I'm trying to perform a group_by summarise on a categorical variable, frailty score. The data is structured such that there are multiple observations for each subject, some of which contain missing data e.g.
Subject Frailty
1 Managing well
1 NA
1 NA
2 NA
2 NA
2 Vulnerable
3 NA
3 NA
3 NA
I would like the data to be summarised so that a frailty description appears if there is one available, and NA if not e.g.
Subject Frailty
1 Managing well
2 Vulnerable
3 NA
I tried the following two approaches which both returned errors:
Mode <- function(x) {
ux <- na.omit(unique(x[!is.na(x)]))
tab <- tabulate(match(x, ux)); ux[tab == max(tab)]
}
data %>%
group_by(Subject) %>%
summarise(frailty = Mode(frailty)) %>%
Error: Expecting a single value: [extent=2].

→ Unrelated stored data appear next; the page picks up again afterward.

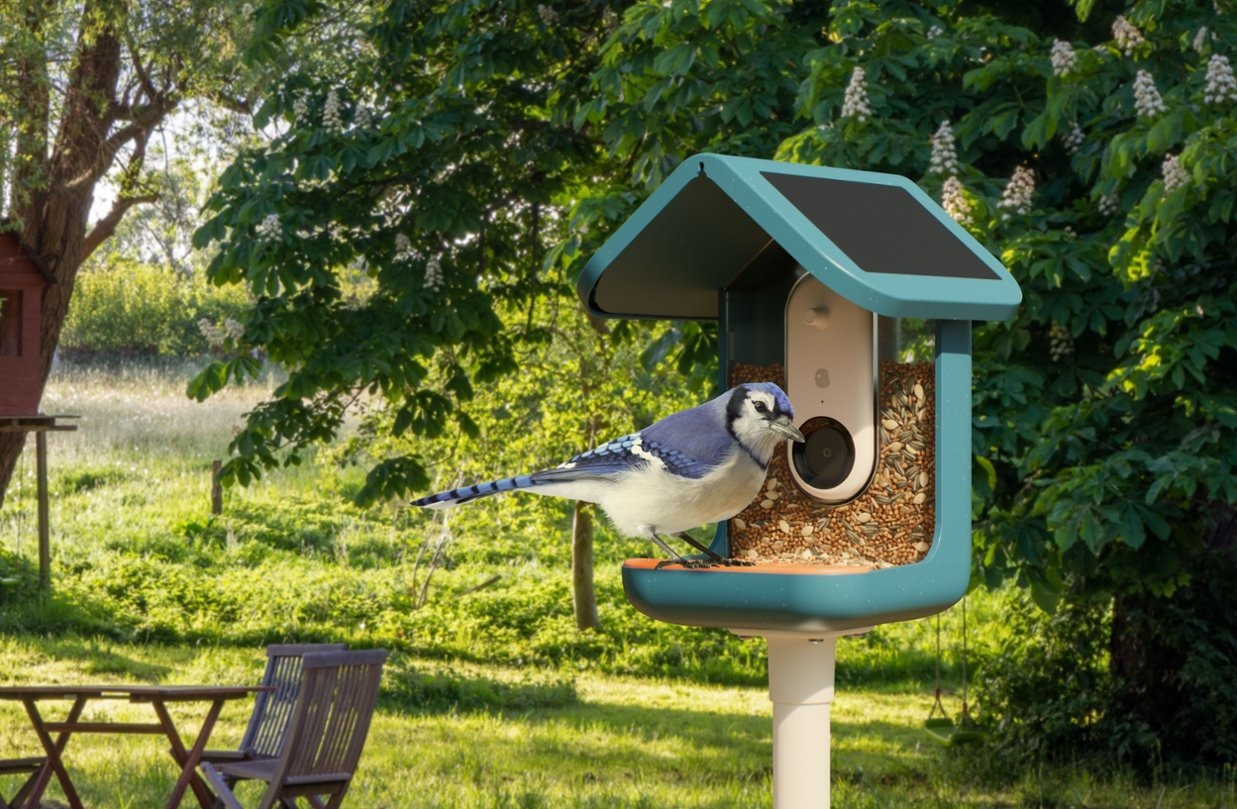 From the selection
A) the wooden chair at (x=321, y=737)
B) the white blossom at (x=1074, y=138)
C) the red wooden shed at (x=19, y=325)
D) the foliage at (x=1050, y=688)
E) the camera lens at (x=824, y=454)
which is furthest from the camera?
the red wooden shed at (x=19, y=325)

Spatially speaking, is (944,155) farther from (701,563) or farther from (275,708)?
(275,708)

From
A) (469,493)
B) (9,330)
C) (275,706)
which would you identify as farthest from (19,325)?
(469,493)

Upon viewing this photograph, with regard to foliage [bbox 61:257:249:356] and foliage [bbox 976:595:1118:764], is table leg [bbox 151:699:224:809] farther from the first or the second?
foliage [bbox 61:257:249:356]

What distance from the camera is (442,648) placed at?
15594 mm

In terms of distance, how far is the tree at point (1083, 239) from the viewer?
5340 mm

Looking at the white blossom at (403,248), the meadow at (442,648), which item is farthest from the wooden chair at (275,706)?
the white blossom at (403,248)

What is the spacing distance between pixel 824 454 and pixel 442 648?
12794 mm

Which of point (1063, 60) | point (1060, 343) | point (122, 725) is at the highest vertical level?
point (1063, 60)

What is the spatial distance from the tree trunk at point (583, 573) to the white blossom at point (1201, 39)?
955 cm

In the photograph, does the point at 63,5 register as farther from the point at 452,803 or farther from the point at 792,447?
the point at 792,447

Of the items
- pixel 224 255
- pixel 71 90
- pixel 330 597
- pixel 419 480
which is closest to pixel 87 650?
pixel 330 597

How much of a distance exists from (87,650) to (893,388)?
41.5 ft

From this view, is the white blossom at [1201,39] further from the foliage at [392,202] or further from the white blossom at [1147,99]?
the foliage at [392,202]

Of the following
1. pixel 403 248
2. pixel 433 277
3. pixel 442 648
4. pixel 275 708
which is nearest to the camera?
pixel 275 708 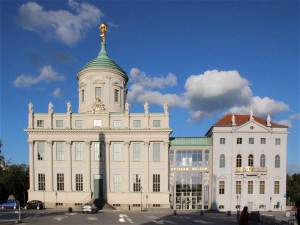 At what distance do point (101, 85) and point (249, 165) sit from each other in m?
31.3

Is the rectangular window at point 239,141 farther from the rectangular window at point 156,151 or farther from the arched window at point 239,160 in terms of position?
the rectangular window at point 156,151

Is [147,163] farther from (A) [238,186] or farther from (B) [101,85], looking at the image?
(B) [101,85]

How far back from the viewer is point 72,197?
59.5 m

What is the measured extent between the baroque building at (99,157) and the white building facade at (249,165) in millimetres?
9698

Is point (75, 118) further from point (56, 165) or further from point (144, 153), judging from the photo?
point (144, 153)

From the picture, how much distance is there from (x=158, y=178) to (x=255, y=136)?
19.1 metres

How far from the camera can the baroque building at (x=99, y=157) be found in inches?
2357

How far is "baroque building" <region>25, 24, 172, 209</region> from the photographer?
59.9 m

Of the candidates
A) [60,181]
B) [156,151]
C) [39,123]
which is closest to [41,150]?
[39,123]

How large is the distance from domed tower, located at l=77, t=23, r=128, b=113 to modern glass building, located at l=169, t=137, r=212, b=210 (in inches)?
569

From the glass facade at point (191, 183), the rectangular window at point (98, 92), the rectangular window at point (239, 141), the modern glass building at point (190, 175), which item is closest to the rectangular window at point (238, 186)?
the modern glass building at point (190, 175)

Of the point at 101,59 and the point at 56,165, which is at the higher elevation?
the point at 101,59

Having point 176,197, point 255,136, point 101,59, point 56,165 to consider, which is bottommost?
point 176,197

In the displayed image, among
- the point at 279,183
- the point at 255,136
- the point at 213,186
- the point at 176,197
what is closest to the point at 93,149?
the point at 176,197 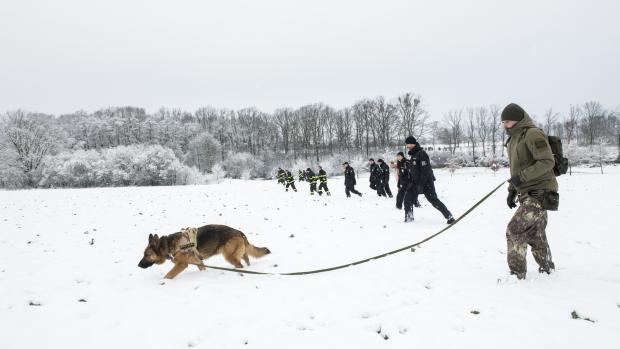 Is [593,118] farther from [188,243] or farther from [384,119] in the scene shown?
[188,243]

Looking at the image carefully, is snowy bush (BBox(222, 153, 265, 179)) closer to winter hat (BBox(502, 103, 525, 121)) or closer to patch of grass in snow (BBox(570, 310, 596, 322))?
winter hat (BBox(502, 103, 525, 121))

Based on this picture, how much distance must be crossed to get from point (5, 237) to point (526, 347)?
12.4 meters

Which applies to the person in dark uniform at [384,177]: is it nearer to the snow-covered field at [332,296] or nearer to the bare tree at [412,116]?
the snow-covered field at [332,296]

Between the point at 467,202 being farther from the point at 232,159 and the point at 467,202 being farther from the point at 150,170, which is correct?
the point at 232,159

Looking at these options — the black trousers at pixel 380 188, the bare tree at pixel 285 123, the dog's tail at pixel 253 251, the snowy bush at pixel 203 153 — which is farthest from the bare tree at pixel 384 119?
the dog's tail at pixel 253 251

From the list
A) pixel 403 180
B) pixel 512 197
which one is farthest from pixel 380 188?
pixel 512 197

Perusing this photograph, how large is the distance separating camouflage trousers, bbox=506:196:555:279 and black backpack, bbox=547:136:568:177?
518mm

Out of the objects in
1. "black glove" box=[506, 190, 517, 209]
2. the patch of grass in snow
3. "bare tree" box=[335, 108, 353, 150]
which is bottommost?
the patch of grass in snow

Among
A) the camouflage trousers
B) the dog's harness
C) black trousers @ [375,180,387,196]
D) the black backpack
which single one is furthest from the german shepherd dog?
black trousers @ [375,180,387,196]

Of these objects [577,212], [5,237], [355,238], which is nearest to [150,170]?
[5,237]

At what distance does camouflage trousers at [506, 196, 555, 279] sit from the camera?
396 cm

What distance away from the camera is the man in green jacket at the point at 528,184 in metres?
3.86

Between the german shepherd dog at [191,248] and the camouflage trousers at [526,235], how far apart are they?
13.6ft

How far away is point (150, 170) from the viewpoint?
4247cm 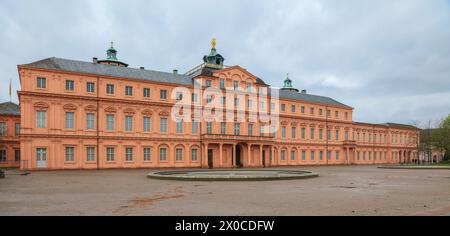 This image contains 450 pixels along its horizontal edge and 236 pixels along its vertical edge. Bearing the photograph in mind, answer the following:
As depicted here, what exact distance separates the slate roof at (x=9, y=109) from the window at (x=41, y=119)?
17092 millimetres

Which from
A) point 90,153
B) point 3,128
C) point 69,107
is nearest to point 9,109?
point 3,128

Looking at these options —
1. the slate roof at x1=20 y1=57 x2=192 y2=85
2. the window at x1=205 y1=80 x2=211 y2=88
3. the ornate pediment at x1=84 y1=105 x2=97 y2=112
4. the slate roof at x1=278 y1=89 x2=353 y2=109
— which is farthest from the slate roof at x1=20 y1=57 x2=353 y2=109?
the slate roof at x1=278 y1=89 x2=353 y2=109

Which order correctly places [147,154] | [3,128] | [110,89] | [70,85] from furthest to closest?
[3,128], [147,154], [110,89], [70,85]

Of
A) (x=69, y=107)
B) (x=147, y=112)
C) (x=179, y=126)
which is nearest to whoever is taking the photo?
(x=69, y=107)

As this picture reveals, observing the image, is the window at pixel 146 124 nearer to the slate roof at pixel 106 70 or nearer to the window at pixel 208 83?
the slate roof at pixel 106 70

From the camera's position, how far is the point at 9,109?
58.1 meters

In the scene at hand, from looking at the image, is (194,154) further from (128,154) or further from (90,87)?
(90,87)

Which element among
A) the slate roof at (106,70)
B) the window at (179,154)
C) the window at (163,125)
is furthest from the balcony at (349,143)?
the window at (163,125)

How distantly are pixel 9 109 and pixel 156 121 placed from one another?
2489cm

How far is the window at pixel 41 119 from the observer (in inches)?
1705

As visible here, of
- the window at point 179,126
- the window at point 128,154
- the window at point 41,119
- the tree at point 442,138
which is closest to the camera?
the window at point 41,119

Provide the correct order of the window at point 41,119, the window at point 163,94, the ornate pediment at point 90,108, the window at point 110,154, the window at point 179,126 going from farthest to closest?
the window at point 179,126, the window at point 163,94, the window at point 110,154, the ornate pediment at point 90,108, the window at point 41,119

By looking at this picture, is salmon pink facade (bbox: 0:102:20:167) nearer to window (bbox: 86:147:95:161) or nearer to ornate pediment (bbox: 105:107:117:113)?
window (bbox: 86:147:95:161)

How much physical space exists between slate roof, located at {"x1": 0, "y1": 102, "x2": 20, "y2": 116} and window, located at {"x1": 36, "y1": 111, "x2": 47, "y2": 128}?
1709cm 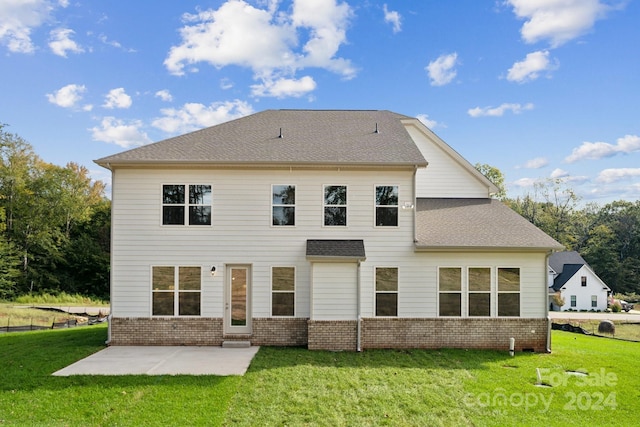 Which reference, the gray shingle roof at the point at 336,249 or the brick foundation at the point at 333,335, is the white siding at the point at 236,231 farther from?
the brick foundation at the point at 333,335

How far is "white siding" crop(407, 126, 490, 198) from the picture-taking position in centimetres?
1476

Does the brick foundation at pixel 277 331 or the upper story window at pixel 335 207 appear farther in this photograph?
the upper story window at pixel 335 207

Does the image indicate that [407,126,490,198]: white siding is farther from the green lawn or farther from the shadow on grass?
the green lawn

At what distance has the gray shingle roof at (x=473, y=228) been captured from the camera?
11.9 m

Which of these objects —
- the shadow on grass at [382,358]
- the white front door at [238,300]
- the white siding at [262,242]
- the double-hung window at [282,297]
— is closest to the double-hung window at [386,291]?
the white siding at [262,242]

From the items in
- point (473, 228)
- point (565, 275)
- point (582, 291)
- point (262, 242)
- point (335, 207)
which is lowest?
point (582, 291)

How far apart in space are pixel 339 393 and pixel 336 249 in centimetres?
455

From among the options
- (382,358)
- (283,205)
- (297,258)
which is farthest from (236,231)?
(382,358)

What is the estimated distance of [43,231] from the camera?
115 feet

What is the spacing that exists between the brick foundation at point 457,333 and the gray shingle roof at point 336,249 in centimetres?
206

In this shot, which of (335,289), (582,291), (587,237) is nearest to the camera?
(335,289)

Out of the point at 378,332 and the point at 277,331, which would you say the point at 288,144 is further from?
the point at 378,332

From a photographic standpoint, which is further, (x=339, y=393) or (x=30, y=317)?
(x=30, y=317)

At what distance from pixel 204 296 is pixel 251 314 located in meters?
1.49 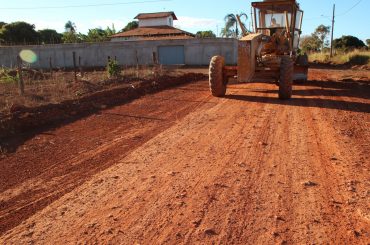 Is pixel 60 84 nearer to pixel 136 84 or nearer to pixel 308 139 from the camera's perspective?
pixel 136 84

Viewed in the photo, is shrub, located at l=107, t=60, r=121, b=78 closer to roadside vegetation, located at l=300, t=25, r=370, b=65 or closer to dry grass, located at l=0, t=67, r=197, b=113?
dry grass, located at l=0, t=67, r=197, b=113

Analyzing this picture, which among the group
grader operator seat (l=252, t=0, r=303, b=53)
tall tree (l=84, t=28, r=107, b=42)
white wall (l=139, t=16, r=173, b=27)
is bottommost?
grader operator seat (l=252, t=0, r=303, b=53)

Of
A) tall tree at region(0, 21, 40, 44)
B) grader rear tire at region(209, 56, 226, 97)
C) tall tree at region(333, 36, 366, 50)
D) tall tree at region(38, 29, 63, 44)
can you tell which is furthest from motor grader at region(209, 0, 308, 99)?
tall tree at region(38, 29, 63, 44)

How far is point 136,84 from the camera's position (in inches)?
629

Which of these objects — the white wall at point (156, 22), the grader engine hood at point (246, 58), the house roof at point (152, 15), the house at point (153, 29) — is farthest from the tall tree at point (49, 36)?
the grader engine hood at point (246, 58)

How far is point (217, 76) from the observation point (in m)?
12.8

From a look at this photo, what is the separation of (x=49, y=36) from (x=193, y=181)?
6145 cm

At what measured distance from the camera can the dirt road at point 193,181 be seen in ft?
13.6

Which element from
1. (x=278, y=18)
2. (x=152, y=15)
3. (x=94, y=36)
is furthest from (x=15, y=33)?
(x=278, y=18)

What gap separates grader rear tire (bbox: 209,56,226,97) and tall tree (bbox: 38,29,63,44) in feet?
166

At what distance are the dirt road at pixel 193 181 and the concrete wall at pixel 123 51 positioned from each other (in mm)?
24178

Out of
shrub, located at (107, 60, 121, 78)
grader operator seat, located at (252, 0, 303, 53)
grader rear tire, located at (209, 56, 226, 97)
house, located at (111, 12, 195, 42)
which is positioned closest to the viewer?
grader rear tire, located at (209, 56, 226, 97)

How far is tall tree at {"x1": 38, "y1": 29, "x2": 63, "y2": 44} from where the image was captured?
59594mm

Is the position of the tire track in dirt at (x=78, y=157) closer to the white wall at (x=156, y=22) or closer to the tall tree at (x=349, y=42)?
the white wall at (x=156, y=22) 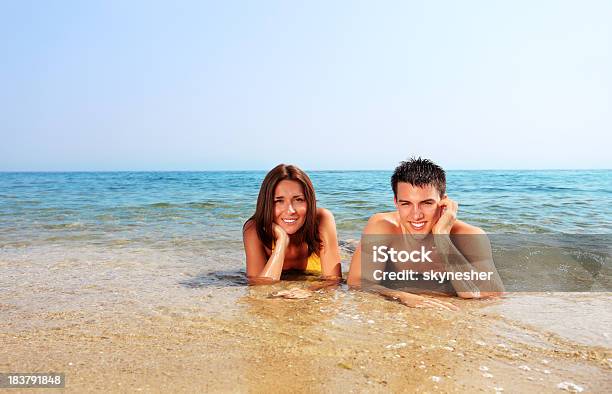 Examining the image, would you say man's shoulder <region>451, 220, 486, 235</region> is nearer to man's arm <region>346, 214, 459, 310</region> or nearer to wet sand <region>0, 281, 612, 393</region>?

condense <- function(x){unique(x[!is.na(x)])}
data %>%
group_by(subject) %>%
summarise(frailty = condense(frailty))
Error: Column frailty must be length 1 (a summary value), not 0
If there are only one a single non-NA element, then after grouping by 'Subject', get the first non-NA element
library(dplyr)
data %>%
group_by(Subject) %>%
summarise(Frailty = Frailty[which(!is.na(Frailty))[1]])
# A tibble: 3 x 2
# Subject Frailty
# <int> <chr>
#1 1 Managing well
#2 2 Vulnerable
#3 3 <NA>
If there are more than one non-NA unique elements, either we paste
them together or return as a list
data %>%
group_by(Subject) %>%
summarise(Frailty = na_if(toString(unique(na.omit(Frailty))), ""))
# A tibble: 3 x 2
# Subject Frailty
# <int> <chr>
#1 1 Managing well
#2 2 Vulnerable
#3 3 <NA>
data <- structure(list(Subject = c(1L, 1L, 1L, 2L, 2L, 2L, 3L, 3L, 3L
), Frailty = c("Managing well", NA, NA, NA, NA, "Vulnerable",
NA, NA, NA)), class = "data.frame", row.names = c(NA, -9L))